Mrs. O'Rourke replied promptly:

“Indeed I do. 'Tis a mother's privilege.”

“Yes, you see I feel I must know just where he is.”

Mrs. O'Rourke nodded the Buddha-like head.

“I feel for you entirely, so I do. If I had a boy out there I'd be deceiving the censor in the very same way, so I would. And your other boy, the one in the Navy?”

Tuppence entered obligingly upon a saga of Douglas.

“You see,” she cried, “I feel so lost without my three boys. They've never been all away together from me before. They're all so sweet to me. I really do think they treat me more as a
friend
than a mother.” She laughed self-consciously. “I have to scold them sometimes and
make
them go out without me.”

(“What a pestilential woman I sound,” thought Tuppence to herself.)

She went on aloud:

“And really I didn't know quite
what
to do or
where
to go. The lease of my house in London was up and it seemed so foolish to renew it, and I thought if I came somewhere quiet, and yet with a good train service—” She broke off.

Again the Buddha nodded.

“I agree with you entirely. London is no place at the present. Ah! the gloom of it! I've lived there myself for many a year now. I'm by way of being an antique dealer, you know. You may know my shop in Cornaby Street, Chelsea? Kate Kelly's the name over the door. Lovely stuff I had there too—oh, lovely stuff—mostly glass—Waterford, Cork—beautiful. Chandeliers and lustres and punchbowls and all the rest of it. Foreign glass, too. And small furniture—nothing large—just small period pieces—mostly walnut and oak. Oh, lovely stuff—and I had some good customers. But there, when there's a war on, all that goes west. I'm lucky to be out of it with as little loss as I've had.”

A faint memory flickered through Tuppence's mind. A shop filled with glass, through which it was difficult to move, a rich persuasive voice, a compelling massive woman. Yes, surely, she had been into that shop.

Mrs. O'Rourke went on:

“I'm not one of those that like to be always complaining—not like some that's in this house. Mr. Cayley for one, with his muffler and his shawls and his moans about his business going to pieces. Of course it's to pieces, there's a war on—and his wife with never boo to say to a goose. Then there's that little Mrs.

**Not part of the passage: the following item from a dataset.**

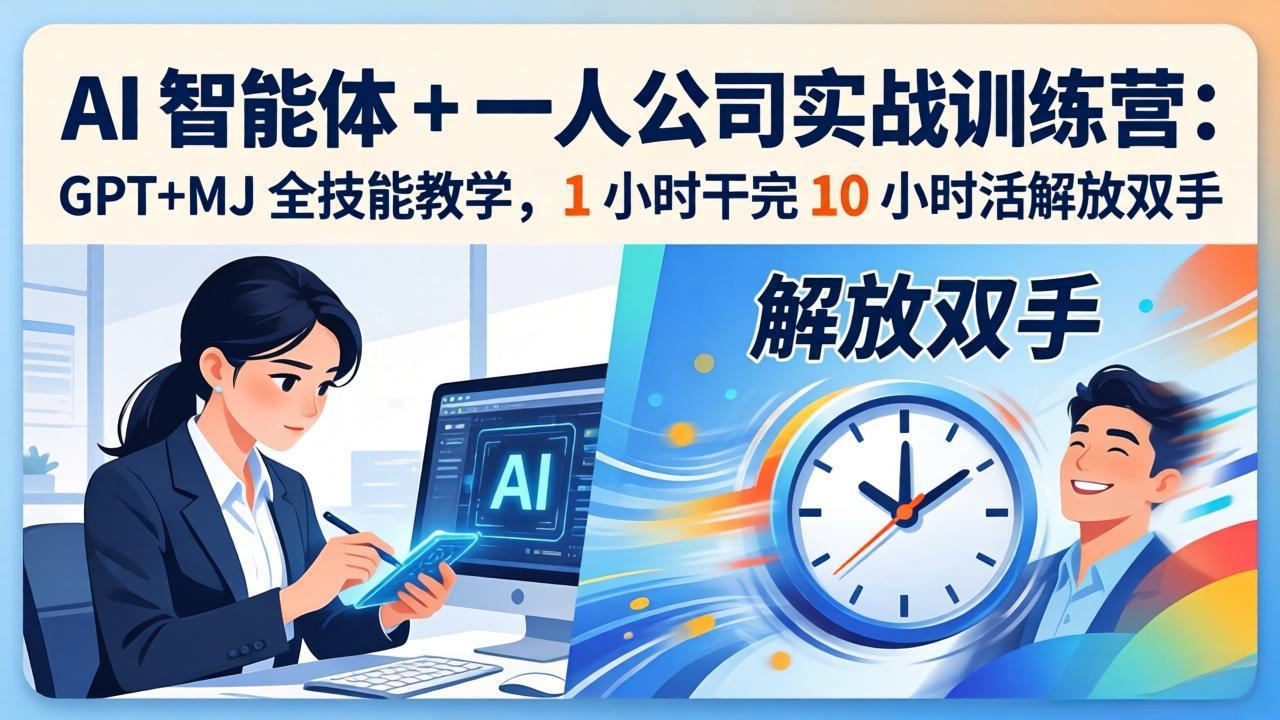 （17834期）AI 智能体 + 一人公司实战训练营：GPT+MJ 全技能教学，1 小时干完 10 小时活解放双手-靠谱项目库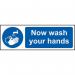 The image shows several Spectrum Industrial Covid-19 and social distancing signs, made of 1.2mm recyclable PP material. The signs measure 300 x 100mm and have the message Now wash your hands written in bold. The background color is white with black and red text, making the message highly visible. The signs have rounded corners and are designed to be placed in public areas to remind people of proper hygiene practices.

Sprot, always fussing about her husband.”

“Is he out at the Front?”

“Not he. He's a tuppenny-halfpenny clerk in an insurance office, that's all, and so terrified of air raids he's had his wife down here since the beginning of the war. Mind you, I think that's right where the child's concerned—and a nice wee mite she is—but Mrs. Sprot she frets, for all that her husband comes down when he can . . . Keeps saying Arthur must miss her so. But if you ask me Arthur's not missing her overmuch—maybe he's got other fish to fry.”

Tuppence murmured:

“I'm terribly sorry for all these mothers. If you let your children go away without you, you never stop worrying. And if you go with them it's hard on the husbands being left.”

“Ah! yes, and it comes expensive running two establishments.”

“This place seems quite reasonable,” said Tuppence.

“Yes, I'd say you get your money's worth. Mrs. Perenna's a good manager. There's a queer woman for you now.”

“In what way?” asked Tuppence.

Mrs. O'Rourke said with a twinkle:

“You'll be thinking I'm a terrible talker. It's true. I'm interested in all my fellow creatures, that's why I sit in this chair as often as I can. You see who goes in and who goes out and who's on the veranda and what goes on in the garden. What were we talking of now—ah yes, Mrs. Perenna, and the queerness of her. There's been a grand drama in that woman's life, or I'm much mistaken.”

“Do you really think so?”

“I do now. And the mystery she makes of herself! ‘And where might you come from in Ireland?' I asked her. And would you believe it, she held out on me, declaring she was not from Ireland at all.”

“You think she is Irish?”

“Of course she's Irish. I know my own countrywomen. I could name you the county she comes from. But there! ‘I'm English,' she says. ‘And my husband was a Spaniard'—”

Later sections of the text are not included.